◆ **About this exercise**:
In the data below, one line contains "Sometimes you cannot" and a later one contains "By statute, for". Print both, with every line between them, exactly and alone.

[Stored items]

Start of Block

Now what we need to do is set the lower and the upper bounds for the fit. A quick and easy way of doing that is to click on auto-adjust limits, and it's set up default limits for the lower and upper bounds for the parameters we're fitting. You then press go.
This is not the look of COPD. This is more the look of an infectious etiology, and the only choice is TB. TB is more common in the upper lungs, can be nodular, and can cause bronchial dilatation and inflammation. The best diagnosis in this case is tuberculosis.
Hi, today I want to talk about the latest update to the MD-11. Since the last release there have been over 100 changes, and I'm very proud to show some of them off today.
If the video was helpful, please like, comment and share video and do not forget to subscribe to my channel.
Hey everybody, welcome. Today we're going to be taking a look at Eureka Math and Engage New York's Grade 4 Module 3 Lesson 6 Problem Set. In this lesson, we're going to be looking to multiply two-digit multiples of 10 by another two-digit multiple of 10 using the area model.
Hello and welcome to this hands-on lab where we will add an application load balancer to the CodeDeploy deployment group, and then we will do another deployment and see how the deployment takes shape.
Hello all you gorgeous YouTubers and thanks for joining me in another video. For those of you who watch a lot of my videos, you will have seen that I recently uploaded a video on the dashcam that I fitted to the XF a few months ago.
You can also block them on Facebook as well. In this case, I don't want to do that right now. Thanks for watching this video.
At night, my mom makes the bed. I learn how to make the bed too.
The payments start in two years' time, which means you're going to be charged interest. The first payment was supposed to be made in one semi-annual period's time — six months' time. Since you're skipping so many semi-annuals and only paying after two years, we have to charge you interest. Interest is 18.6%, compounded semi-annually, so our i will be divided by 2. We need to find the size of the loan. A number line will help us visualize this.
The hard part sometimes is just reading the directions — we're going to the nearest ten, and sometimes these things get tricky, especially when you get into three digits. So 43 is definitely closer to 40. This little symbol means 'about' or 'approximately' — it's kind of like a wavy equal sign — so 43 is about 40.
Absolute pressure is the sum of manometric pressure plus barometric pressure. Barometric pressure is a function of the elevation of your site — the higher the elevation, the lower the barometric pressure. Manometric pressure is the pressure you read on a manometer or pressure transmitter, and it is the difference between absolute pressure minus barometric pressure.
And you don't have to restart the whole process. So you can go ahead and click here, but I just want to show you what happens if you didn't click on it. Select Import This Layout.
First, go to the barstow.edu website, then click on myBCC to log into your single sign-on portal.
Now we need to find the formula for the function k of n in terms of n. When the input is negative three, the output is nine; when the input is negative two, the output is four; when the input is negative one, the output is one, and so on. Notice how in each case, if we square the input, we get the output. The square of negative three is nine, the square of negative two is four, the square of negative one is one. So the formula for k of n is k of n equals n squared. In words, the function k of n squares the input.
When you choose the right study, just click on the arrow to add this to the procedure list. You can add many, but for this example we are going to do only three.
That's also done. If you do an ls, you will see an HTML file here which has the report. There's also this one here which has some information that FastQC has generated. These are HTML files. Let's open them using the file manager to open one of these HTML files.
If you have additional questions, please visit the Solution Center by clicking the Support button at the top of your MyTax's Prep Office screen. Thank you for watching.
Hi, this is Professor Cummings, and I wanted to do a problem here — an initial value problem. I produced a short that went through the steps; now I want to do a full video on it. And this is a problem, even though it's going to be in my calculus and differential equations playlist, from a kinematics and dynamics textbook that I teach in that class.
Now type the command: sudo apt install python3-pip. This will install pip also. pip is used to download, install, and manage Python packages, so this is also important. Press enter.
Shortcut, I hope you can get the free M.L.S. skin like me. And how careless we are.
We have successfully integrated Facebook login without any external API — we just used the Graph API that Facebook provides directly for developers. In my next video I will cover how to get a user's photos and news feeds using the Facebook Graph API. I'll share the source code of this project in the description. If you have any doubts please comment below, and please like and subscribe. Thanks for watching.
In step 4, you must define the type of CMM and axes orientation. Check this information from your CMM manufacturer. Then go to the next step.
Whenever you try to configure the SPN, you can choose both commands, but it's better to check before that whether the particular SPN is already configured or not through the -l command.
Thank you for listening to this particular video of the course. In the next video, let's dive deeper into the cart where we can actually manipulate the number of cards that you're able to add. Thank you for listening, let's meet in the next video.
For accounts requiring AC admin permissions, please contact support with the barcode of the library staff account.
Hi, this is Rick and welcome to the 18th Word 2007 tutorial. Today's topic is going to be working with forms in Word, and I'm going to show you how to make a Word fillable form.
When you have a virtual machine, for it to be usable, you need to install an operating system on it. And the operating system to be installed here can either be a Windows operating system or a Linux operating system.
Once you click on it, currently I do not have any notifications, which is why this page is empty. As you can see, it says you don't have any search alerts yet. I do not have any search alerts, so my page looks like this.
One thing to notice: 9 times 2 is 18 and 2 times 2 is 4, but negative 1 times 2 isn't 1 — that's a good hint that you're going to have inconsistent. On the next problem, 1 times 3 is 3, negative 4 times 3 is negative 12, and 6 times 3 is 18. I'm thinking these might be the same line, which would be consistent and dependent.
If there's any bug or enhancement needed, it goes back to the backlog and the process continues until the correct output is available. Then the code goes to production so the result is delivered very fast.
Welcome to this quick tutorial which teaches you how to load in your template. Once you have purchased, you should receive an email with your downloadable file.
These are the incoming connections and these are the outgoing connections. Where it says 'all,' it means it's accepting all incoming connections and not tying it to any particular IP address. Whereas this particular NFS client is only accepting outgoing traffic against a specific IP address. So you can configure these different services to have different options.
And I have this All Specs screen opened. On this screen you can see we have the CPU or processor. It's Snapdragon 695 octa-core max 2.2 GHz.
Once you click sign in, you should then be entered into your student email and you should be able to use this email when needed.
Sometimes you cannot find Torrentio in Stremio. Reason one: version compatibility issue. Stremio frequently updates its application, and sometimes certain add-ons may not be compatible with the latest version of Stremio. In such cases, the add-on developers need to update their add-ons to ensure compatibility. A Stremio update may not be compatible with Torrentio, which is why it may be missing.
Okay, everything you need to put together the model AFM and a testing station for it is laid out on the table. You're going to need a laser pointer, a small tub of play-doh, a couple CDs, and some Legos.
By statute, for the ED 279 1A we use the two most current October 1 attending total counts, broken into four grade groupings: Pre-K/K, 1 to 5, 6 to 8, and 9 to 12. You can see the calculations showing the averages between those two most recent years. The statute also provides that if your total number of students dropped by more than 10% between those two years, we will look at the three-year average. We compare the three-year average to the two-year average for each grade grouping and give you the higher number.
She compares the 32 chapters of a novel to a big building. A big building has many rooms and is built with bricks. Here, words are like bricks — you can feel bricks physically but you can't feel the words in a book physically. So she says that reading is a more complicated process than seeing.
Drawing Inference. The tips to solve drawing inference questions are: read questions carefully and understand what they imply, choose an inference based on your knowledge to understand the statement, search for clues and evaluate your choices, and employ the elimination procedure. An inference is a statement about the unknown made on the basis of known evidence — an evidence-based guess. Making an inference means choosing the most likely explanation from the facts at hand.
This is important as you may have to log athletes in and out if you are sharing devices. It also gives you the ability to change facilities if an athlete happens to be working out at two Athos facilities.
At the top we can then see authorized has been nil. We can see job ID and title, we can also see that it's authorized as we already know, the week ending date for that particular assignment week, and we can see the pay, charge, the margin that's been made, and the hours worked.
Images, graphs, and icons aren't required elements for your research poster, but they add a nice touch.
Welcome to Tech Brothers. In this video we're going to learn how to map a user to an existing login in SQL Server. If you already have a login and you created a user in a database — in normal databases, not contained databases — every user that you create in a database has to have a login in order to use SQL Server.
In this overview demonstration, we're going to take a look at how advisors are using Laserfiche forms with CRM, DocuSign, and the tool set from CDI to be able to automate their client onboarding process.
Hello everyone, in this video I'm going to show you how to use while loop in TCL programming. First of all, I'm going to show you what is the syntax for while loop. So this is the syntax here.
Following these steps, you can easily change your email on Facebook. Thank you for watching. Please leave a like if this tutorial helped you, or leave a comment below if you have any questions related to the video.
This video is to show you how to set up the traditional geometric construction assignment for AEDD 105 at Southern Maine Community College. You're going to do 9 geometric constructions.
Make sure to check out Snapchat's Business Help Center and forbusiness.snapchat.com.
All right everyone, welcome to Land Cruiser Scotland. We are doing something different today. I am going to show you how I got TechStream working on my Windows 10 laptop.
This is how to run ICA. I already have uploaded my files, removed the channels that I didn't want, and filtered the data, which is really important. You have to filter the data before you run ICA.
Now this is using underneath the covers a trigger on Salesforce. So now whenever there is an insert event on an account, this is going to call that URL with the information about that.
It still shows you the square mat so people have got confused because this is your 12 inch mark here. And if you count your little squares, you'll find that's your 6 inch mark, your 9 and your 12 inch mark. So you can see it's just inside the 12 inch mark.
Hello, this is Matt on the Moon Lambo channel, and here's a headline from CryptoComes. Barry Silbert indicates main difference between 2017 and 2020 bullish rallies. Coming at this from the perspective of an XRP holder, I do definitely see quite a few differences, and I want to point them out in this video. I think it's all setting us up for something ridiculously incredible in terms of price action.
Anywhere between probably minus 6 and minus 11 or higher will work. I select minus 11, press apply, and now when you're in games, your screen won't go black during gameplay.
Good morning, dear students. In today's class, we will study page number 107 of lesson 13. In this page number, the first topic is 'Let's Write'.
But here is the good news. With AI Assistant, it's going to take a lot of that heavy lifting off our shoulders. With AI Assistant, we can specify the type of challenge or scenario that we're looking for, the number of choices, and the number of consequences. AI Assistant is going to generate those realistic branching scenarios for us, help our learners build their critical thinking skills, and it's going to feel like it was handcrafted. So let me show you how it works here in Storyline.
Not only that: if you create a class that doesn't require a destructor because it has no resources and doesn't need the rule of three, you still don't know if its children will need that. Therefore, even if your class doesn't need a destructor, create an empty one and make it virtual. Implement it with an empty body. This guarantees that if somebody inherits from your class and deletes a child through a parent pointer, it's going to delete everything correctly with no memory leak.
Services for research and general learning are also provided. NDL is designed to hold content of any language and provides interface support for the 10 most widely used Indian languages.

End of Block

◆ **Answer section**:
Sometimes you cannot find Torrentio in Stremio. Reason one: version compatibility issue. Stremio frequently updates its application, and sometimes certain add-ons may not be compatible with the latest version of Stremio. In such cases, the add-on developers need to update their add-ons to ensure compatibility. A Stremio update may not be compatible with Torrentio, which is why it may be missing.
Okay, everything you need to put together the model AFM and a testing station for it is laid out on the table. You're going to need a laser pointer, a small tub of play-doh, a couple CDs, and some Legos.
By statute, for the ED 279 1A we use the two most current October 1 attending total counts, broken into four grade groupings: Pre-K/K, 1 to 5, 6 to 8, and 9 to 12. You can see the calculations showing the averages between those two most recent years. The statute also provides that if your total number of students dropped by more than 10% between those two years, we will look at the three-year average. We compare the three-year average to the two-year average for each grade grouping and give you the higher number.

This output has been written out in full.